BOJ Must Boost Stimulus Now Before Next Tax Hike, Wakatabe Says

Bloomberg

Published Dec 13, 2017 20:00

Updated Dec 13, 2017 21:52

BOJ Must Boost Stimulus Now Before Next Tax Hike, Wakatabe Says

(Bloomberg) -- The Bank of Japan should add more monetary stimulus to the economy now to help bolster inflation in advance of a sales-tax hike, according to a prominent reflationist.

“Additional monetary easing is needed,” Masazumi Wakatabe, a Waseda University professor, said in an interview on Tuesday. “It’s highly unlikely that price momentum will be strong enough prior to the 2019 tax increase.”

Wakatabe’s comments echo those of Goushi Kataoka, the sole dissenter on the BOJ board, who’s called for more action. Their views run counter to forecast from the vast majority of economists, who expect the bank’s next move will be to tighten policy.

Even so, some observers think Wakatabe, 52, is a potential candidate for one of the two deputy governor positions that will open in March next year. Governor Haruhiko Kuroda, whose current term ends in April, is seen by many economists as likely to be reappointed.

Read more about the potential candidates to lead the BOJ.

Options for further stimulus include raising the bond purchase guideline to 90 trillion yen ($794 billion) a year from the current 80 trillion yen, and increasing the inflation target to 3 percent, from 2 percent currently, to lift up expectations, he said.

While Wakatabe declined to comment on who may be appointed to the top positions at the BOJ, he said they should be by people who are like single-minded machines in pursuing the price target.

While the BOJ forecasts that inflation will hit the target in around the year starting in April 2019, Wakatabe, said “no one at this point can assert that the inflation target will be met even in 2020 or 2021.”

Read more on Japan’s latest inflation report.

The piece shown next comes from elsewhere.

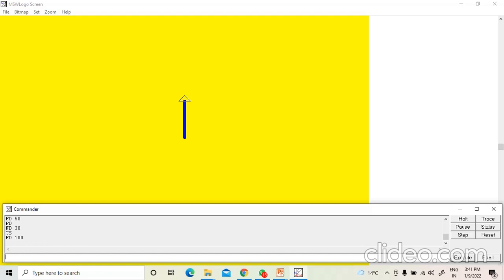The CT command is used to clear the text written in the command input box or list box. When I write CT in the command input box and press Enter, all the commands written in the command list box will be erased.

Wakatabe, who was speaking by telephone from New York, where he is currently a visiting fellow at the Columbia Business School, was critical of Kuroda for indicating support for an earlier increase in the sales tax in 2014. Kuroda has refrained from indicating his stance for the next planned tax increase.

With inflation less than half way to the target, it was also inappropriate for Kuroda to generate speculation about policy adjustments by mentioning the “reversal rate” theory in November, Wakatabe said. “There is no evidence that such thing is happening in Japan,” he said.

At the same time, Wakatabe said he felt sympathy for the BOJ because Prime Minister Shinzo Abe’s fiscal policy hadn’t been helpful.

“Fiscal policy has been contractionary under Abenomics, except in 2013,” Wakatabe said. “Japan’s monetary policy meets global standard but fiscal measures don’t.”